It was the same playbook that the newspaper had turned to when it nonchalantly ran its first notice (August 6, 2000) on the Norman Finkelstein monograph entitled The Holocaust Industry. “There is…something indecent about it,” the purported review said, “something juvenile, self-righteous, arrogant and stupid.” Elsewhere, it talks passionately about “the warping of intelligence” and the “perversion of moral indignation” that supposedly saturates the book’s pages, and upbraids its “shrill hyperbole” and “indifference to historical facts”. But, incredibly, nowhere does this reviewer identify the aspects of Finkelstein’s presentation that he finds flawed, indeed reprehensible, let alone refute them.

It looks as though the book under review was so trashy that it merited no real review. The question is moot: why then did the NYT commission the review in the first place? The answer is not far to seek. The NYT could not fail to review – in effect, excoriate – the book precisely because Finkelstein so determinedly lifts the veil on the ideological and financial skulduggery rife in (what the book calls) the ‘Holocaust industry’, an enterprise of which the great American liberal media (NYT included) are spirited cheerleaders. Probably beneficiaries, too.

But the Holocaust industry found its votaries elsewhere as well, notably among English liberals. Thus The Guardian’s notice of July 14, 2000 rages about the book reading “like a rant, with splenetic attacks on individuals, many of them (Holocaust) survivors, and vast generalisations about the whole of world Jewry”. Nowhere does the reviewer, Jonathan Freedland, point to even one of the ‘vast generalisations’, much less the ‘rants’, he claims the book is crawling with. For good measure, he titles his essay 'An Enemy of the People', and goes on to close it with this staggering malediction: "Finkelstein sees the Jews as either villains or victims – and that. I fear, takes him closer to the people who created the Holocaust than to those who suffered in it."

Extraordinary, isn’t it, how Finkelstein, both of whose parents were survivors of the Warsaw ghetto and Auschwitz (and most other members of whose extended family were liquidated by the Nazis),  so effortlessly transmutes, in the hands of the ‘liberal’ commentator, into a Nazi, ‘an enemy of the (Jewish) people’? And how the reviewer doesn’t even condescend to tell the reader how Finkelstein earned the Nazi moniker?

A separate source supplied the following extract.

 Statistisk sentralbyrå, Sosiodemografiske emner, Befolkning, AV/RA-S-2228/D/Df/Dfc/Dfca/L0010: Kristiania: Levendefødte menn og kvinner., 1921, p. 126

So what is it about the book that gets the NYT’s goat, and The Guardian’s? A look at Finkelstein’s central thesis, best presented in his own words, excerpted here from his Introduction to The Holocaust Industry, provides the answer:

"…..“The Holocaust”is an ideological representation of the Nazi holocaust. Like most ideologies, it bears a connection, if tenuous, with reality. The Holocaust is not an arbitrary but rather an internally coherent construct.Its central dogmas sustain significant political and class interests. Indeed, the Holocaust has proven to be an indispensable ideological weapon. Through its deployment, one of the world’s most formidable military powers, with a horrendous human rights record, has cast itself as a ‘victim’ state, and the most successful ethnic group in the United States has likewise acquired victim status. Considerable dividends accrue from this specious victimhood – in particular, immunity to criticism, however justified. Those enjoying this immunity, I might add, have not escaped the moral corruptions that attend it… (Emphasis added)"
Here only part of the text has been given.